Using Dagster’s Embedded ELT for Lakehouse Data Ingestion
In today’s data-driven world, organizations face a common challenge: avoiding vendor lock-in while managing data effectively. While powerful data warehouses like BigQuery and Snowflake excel in performance, they come with the downside of limited portability. On the other hand, data lakes offer flexible, cost-effective storage but can quickly turn into unwieldy data dumps.
Enter the lakehouse: a hybrid solution that decouples compute from storage while addressing the shortcomings of traditional data warehouses and offering the flexibility of data lakes. In this article, we’ll explore how combining Apache Iceberg, an open table format, with Dagster’s embedded ELT framework simplifies building a scalable, open data lakehouse — allowing you to streamline your ETL pipelines and future-proof your data infrastructure.
One of the core components of a data lakehouse is a robust table format capable of managing large datasets efficiently. This is where Apache Iceberg excels. According to its website, Iceberg is a high-performance format designed for massive analytics tables.
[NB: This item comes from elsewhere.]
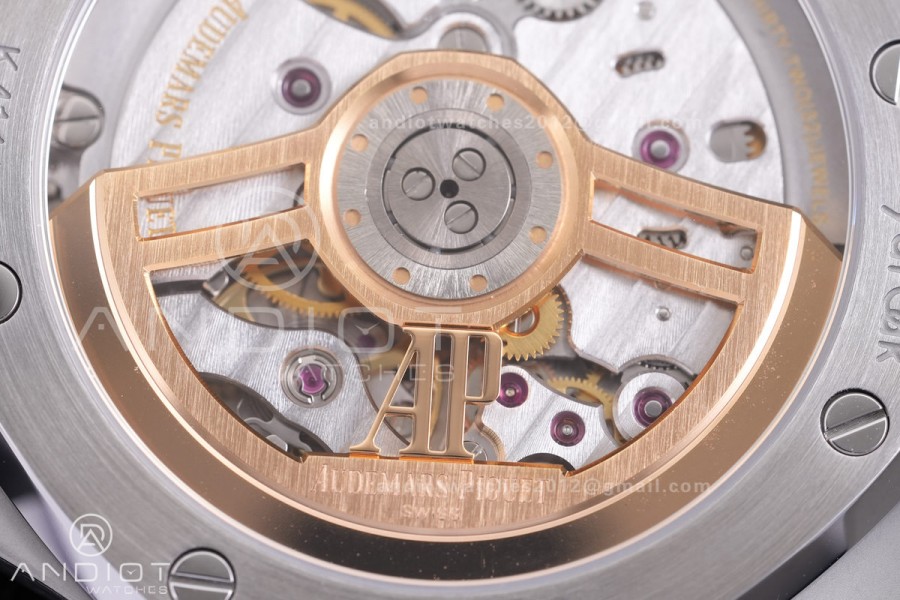 Royal Oak 15500 SS VSF 1:1 Best Edition Gray Dial on SS Bracelet DD4302 Super Clone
Unlike traditional data lakes, which can devolve into chaotic data dumps, Iceberg brings order and structure with its support for schema evolution, partitioning, and ACID transactions. Its unique approach to metadata management, along with seamless integration with various compute engines, ensures that your data remains reliable, scalable, and well-organized. Best of all, Iceberg allows consistent data management without locking you into proprietary platforms.
Another core component of a data lakehouse is the catalog, which acts as the metadata store for your tables, tracking schema changes, table locations, and partitions. In simple terms, the catalog enables the lakehouse to manage metadata and work efficiently with your data. I like to say that any engine capable of interfacing with your catalog can integrate with your lakehouse and manipulate your data.
While Apache Iceberg itself promotes an open and flexible architecture, the choice of a catalog can significantly impact your ability to maintain that flexibility. Although Iceberg is designed to avoid vendor lock-in, relying on a specific catalog — such as those provided by proprietary platforms — can introduce limitations. When architecting your lakehouse, it’s crucial to consider not just your current tools but also the ones you’re likely to integrate with in the future. Choosing a catalog that solves for most, if not all, of your needs is key. Ultimately, preserving the open nature of your lakehouse means selecting a catalog that maintains the portability and interoperability Iceberg offers, ensuring your architecture remains adaptable to evolving business needs and technologies.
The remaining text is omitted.